Your instructions:
Your task is to return all of the records exactly, minus any images.

•••••

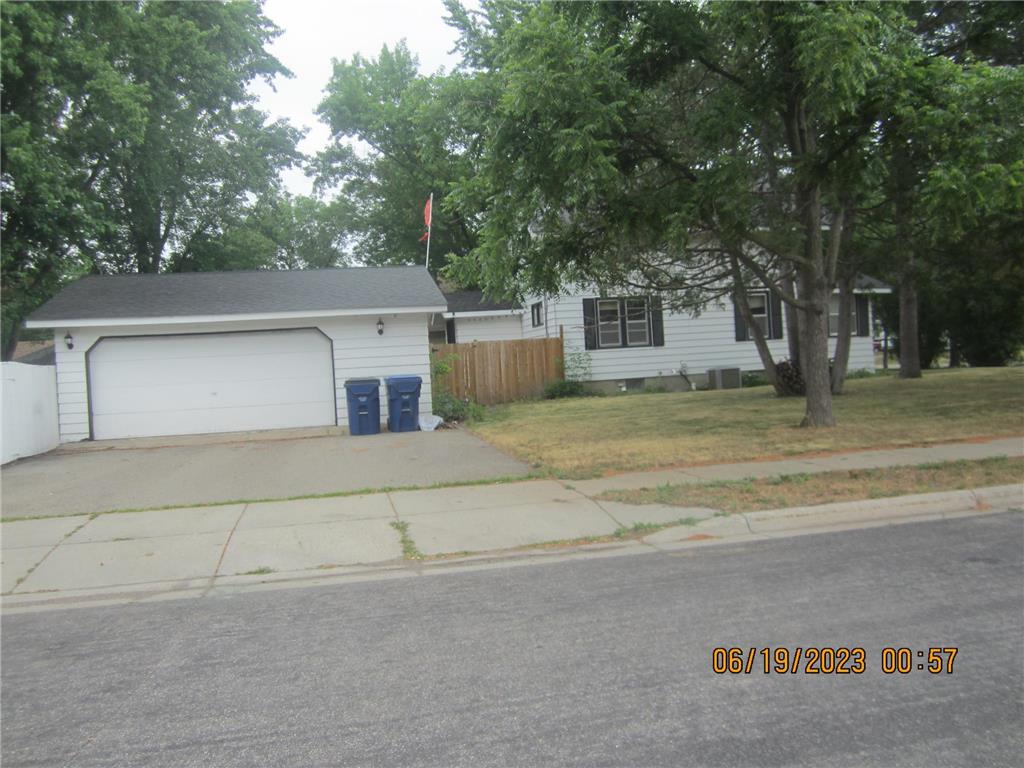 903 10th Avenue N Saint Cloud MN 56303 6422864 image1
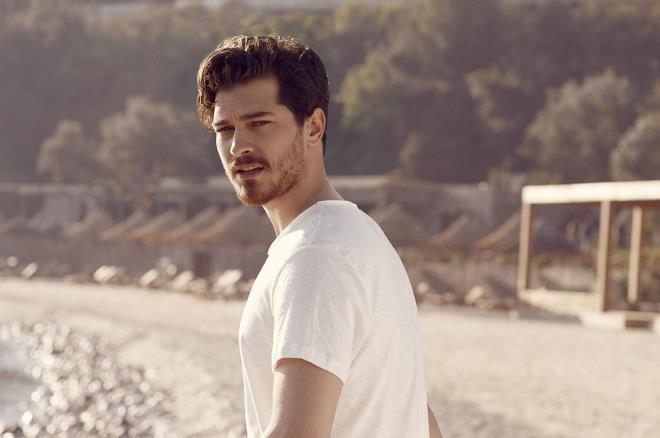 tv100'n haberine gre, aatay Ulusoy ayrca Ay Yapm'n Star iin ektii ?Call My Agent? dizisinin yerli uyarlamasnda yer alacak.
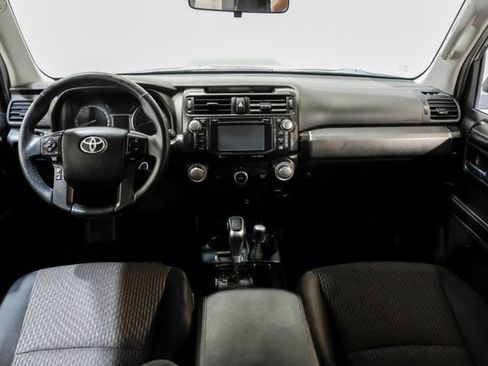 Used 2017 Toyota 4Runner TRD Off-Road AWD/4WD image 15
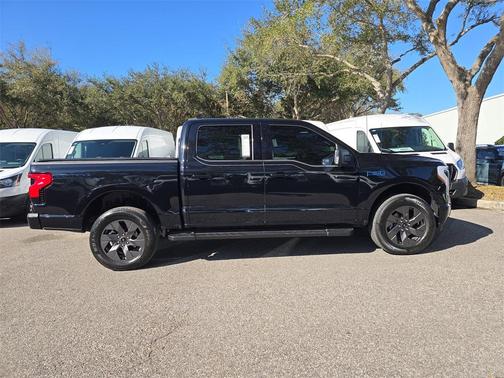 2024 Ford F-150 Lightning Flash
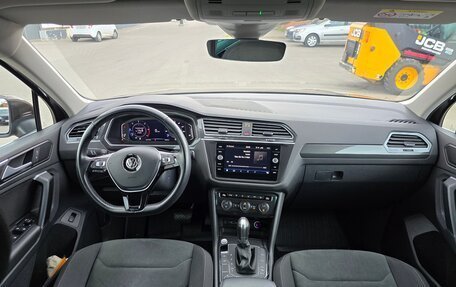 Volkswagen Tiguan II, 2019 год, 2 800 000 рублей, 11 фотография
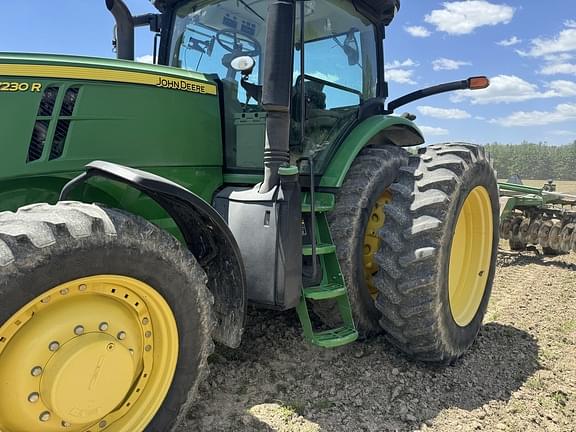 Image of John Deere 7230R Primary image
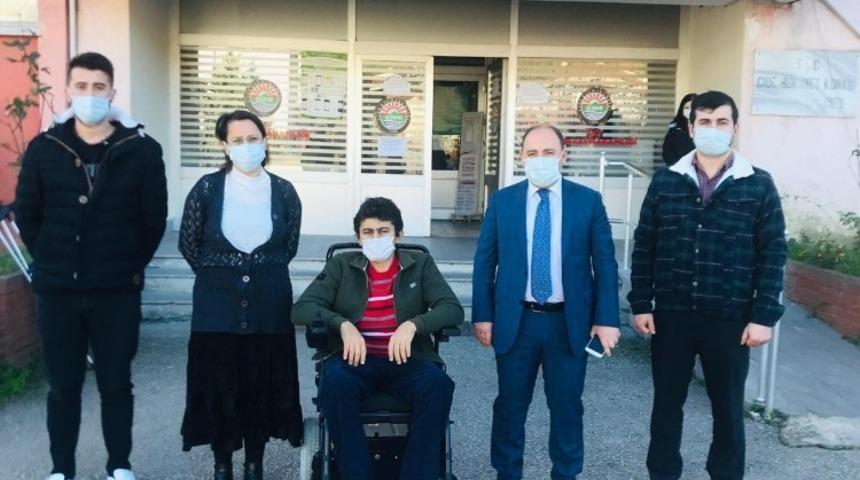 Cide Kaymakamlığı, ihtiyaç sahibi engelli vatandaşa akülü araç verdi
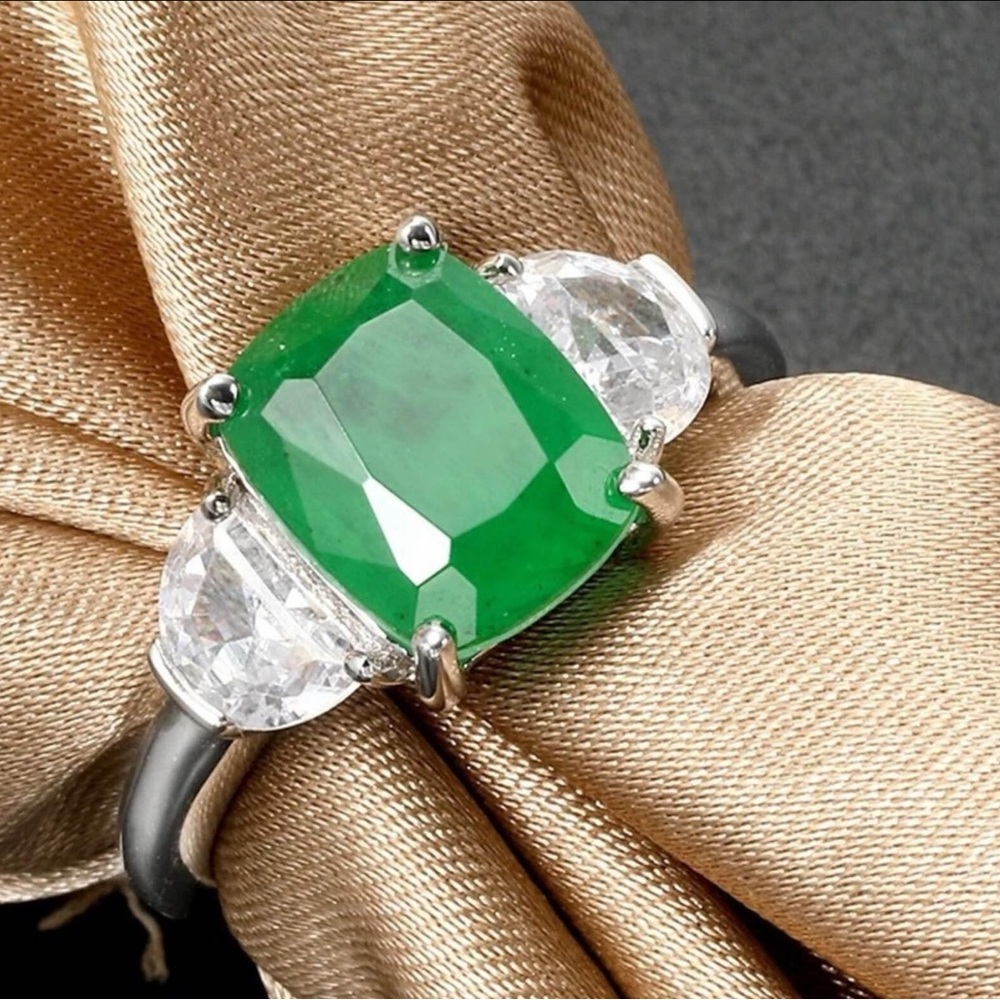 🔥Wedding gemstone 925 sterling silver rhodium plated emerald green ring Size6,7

•••••

Response:
 903 10th Avenue N Saint Cloud MN 56303 6422864 image1
 tv100'n haberine gre, aatay Ulusoy ayrca Ay Yapm'n Star iin ektii ?Call My Agent? dizisinin yerli uyarlamasnda yer alacak.
 Used 2017 Toyota 4Runner TRD Off-Road AWD/4WD image 15
 2024 Ford F-150 Lightning Flash
 Volkswagen Tiguan II, 2019 год, 2 800 000 рублей, 11 фотография
 Image of John Deere 7230R Primary image
 Cide Kaymakamlığı, ihtiyaç sahibi engelli vatandaşa akülü araç verdi
 🔥Wedding gemstone 925 sterling silver rhodium plated emerald green ring Size6,7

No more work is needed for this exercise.